Example (Range + Hash):
- First partition by Month
- Then apply hash on Customer_ID
Advantages:
- Suitable for very large datasets
- Balances performance and distribution
5. Column-based Partitioning (Columnar Storage)
Used in modern data warehouses.
Features:
- Stores data column-wise instead of row-wise
- High compression
- Very fast analytical queries
Examples of systems:
- BigQuery
- Snowflake
- Amazon Redshift
How Partitioning Works (Steps)
Step 1: Identify Large Tables
- Usually fact tables with billions of rows
Step 2: Select Partition Key
Common Keys:
- Date
- Product Category
- Region
- Department
- Customer ID
Step 3: Choose Partition Type
- Range
- List
- Hash
- Composite
Step 4: Create Partitions
- Table is divided into multiple segments on disk
Step 5: Manage Partitions
- Add new partitions (e.g., new month/year)

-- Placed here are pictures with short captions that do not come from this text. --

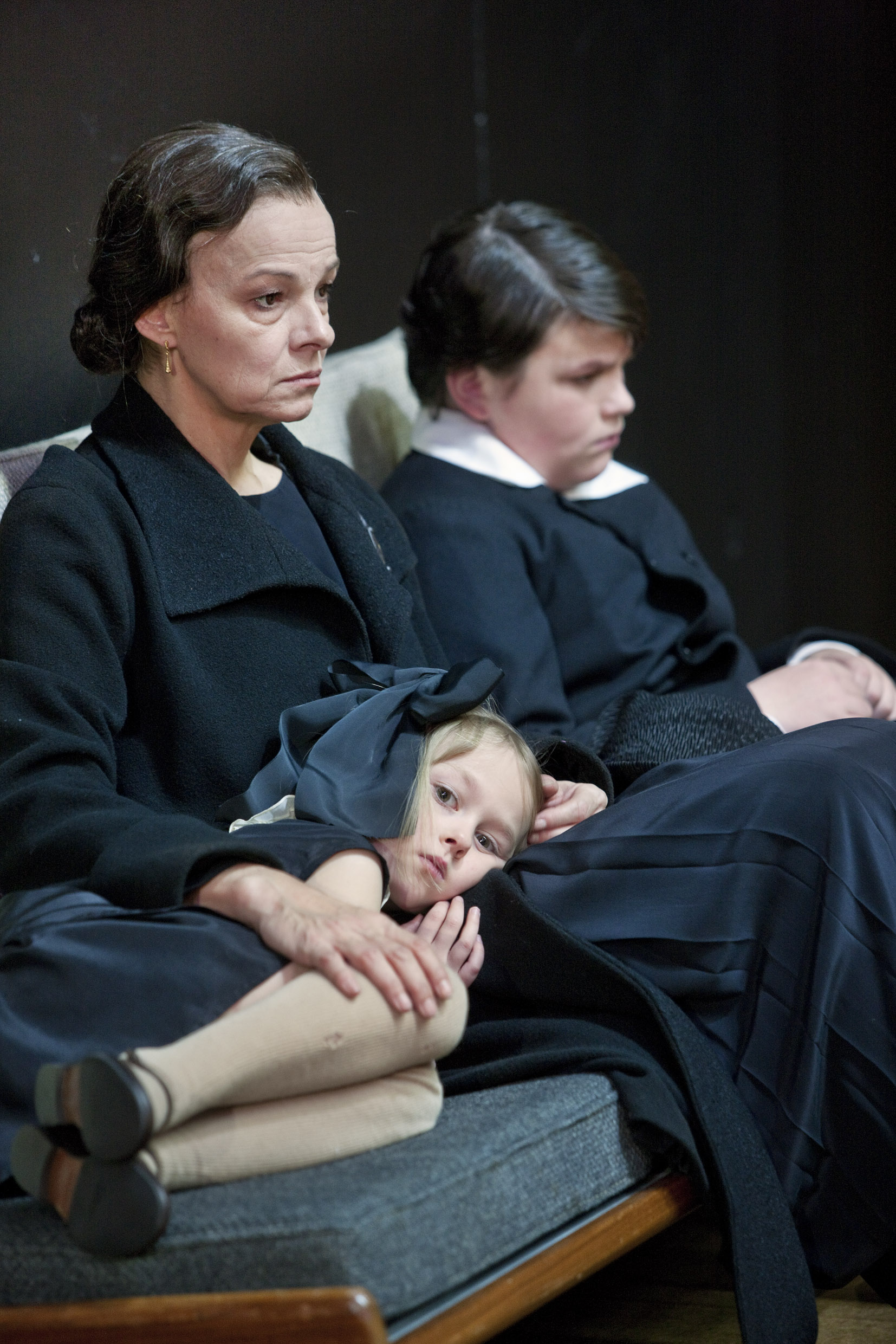 Kajsa Ernst, Alba Dumolin Engström och John Grahl i Sex roller söker en författare, premiär 4 november 2010 på Klarascenen.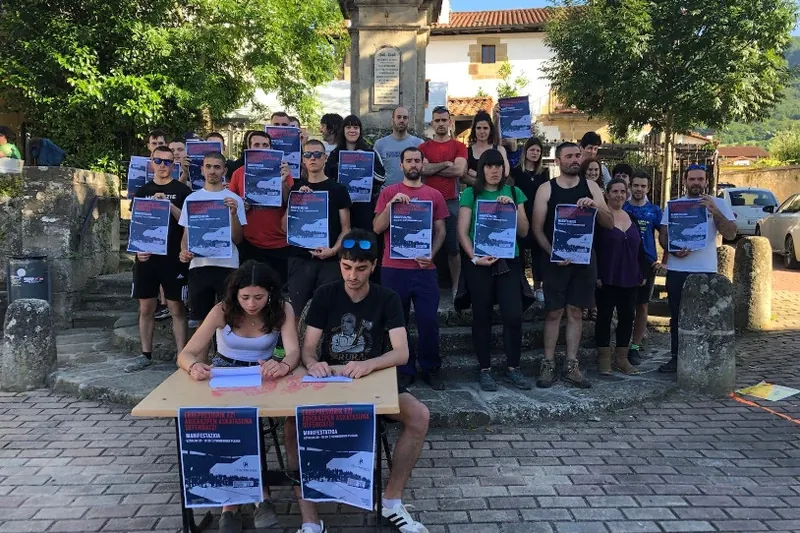 Uztailaren 20an mobilizatzera deitu dute Iturmendin, auzipetutako bizilagunarekin elkartasunez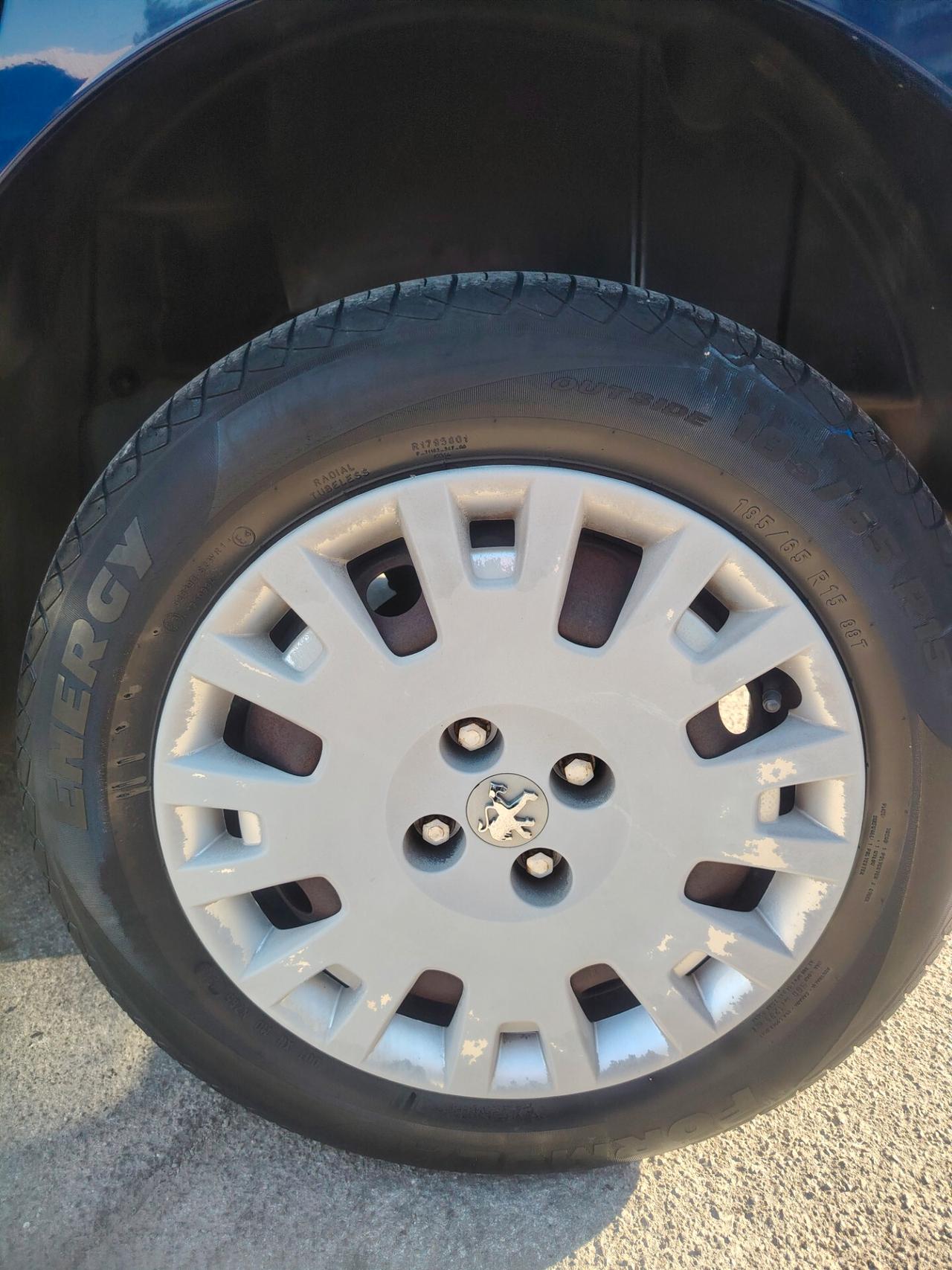 Peugeot Bipper Tepee 1.4 HDi 70CV Outdoor - NEOPATENTATI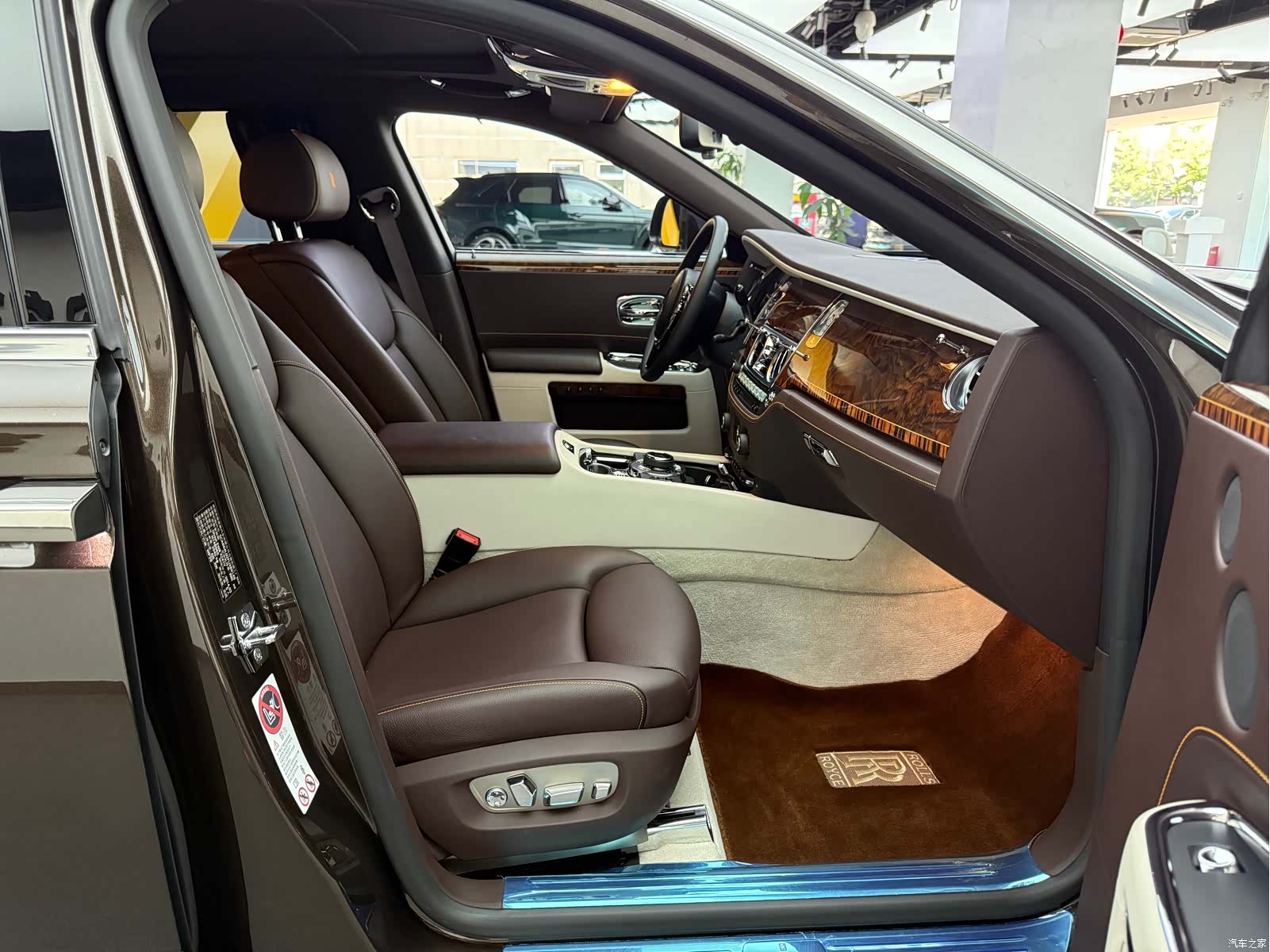 Rolls-Royce Ghost, 2016 10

- Drop old partitions (archival)
- Merge or split partitions
Partition Pruning
Definition:
Query engines automatically skip irrelevant partitions.
Example Query:
WHERE sale_date BETWEEN '2024-01-01' AND '2024-01-31';
Only January partition is scanned, not the full table.
Result:
Faster query performance
Benefits of Partitioning
| Benefit | Explanation |
|---|---|
| Faster Query Performance | Only required partitions are scanned |
| Better ETL Speed | Incremental data loading |
| Easy Archival | Drop old partitions easily |
| Improved Index Efficiency | Smaller indexes per partition |
| High Availability | Operations at partition level |
| Manageability | Easier maintenance |
Example Scenario
Table: Sales_Fact
Partition Key: Sale_Date
Partition Type: Range Partitioning
| Partition Name | Date Range |
|---|---|
| SALES_2023_Q1 | Jan – Mar 2023 |
| SALES_2023_Q2 | Apr – Jun 2023 |
| SALES_2023_Q3 | Jul – Sep 2023 |
| SALES_2023_Q4 | Oct – Dec 2023 |
Operations You Can Perform
- Archive old partition (e.g., SALES_2021)
- Add new partition (e.g., SALES_2025)
- Query only recent data (last 6 months)
14. Data Marts
A Data Mart is a subset of a data warehouse that focuses on a specific business area such as Sales, Marketing, Finance, HR, or Inventory.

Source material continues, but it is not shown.